Avec le cinéma, et une dose de porno, c’est l’autre socle historique de la chaîne cryptée : le sport. À sa création, en 1984, on s’abonnait pour ce qu’on appelait encore la Division 1, le championnat de France de foot. La Ligue 1 aujourd’hui. Au fil des années, et au gré des ventes des droits de diffusion, de plus en plus onéreux, Canal + s’est arrogé la retransmission de toutes les plus importantes compétitions, dans tous les sports (tant que la législation le lui permet, puisqu’un décret de la loi audiovisuelle impose la diffusion en clair et donc gratuite – si l’on ne tient pas compte de la redevance – de compétitions internationales comme le Tour de France, les Jeux olympiques, la Coupe du monde ou le Championnat d’Europe de foot). Le foot d’abord, national et européen, donc, puis le basket, avec la NBA (le basket américain), et le rugby, avec son championnat de France, le Top 14.

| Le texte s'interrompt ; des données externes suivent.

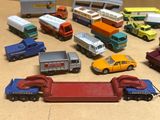 un grand nombre de camions jouets posés sur une table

L’arrivée de la chaîne BeIn Sports a bouleversé la donne en raison de la surenchère des droits de diffusion. Sous la houlette de Charles Biétry (l’ancien directeur des sports de Canal + de 1984 à 1998), la chaîne qatarie a commencé par s’installer en 2012 en raflant quelques matches de Ligue 1, ceux du vendredi soir et du dimanche après-midi, avant d’investir dans les championnats italien et espagnol, le rugby à XIII, chipant au passage la NBA à son concurrent. En moins de quatre ans, BeIn Sports a conquis tous les terrains, toutes les surfaces. Canal + a dû céder huit matchs de Ligue 1 et une grosse partie de la Ligue des champions, le championnat espagnol, le tournoi de tennis de Wimbledon, l’Euroligue de basket, la Ligue de diamant de l’athlétisme, les affiches européennes de rugby, et les compétitions masculines et féminines de handball. Bref, il ne lui reste que le golf, le Top 14, la Coupe de l’America, le foot anglais et deux matchs de foot de Ligue 1. C’est peu si l’on s’abonne à Canal + seulement pour le sport, à raison de 42 euros par mois, contre 13 euros pour BeIn Sports, comptant déjà 2,5 millions d’abonnés.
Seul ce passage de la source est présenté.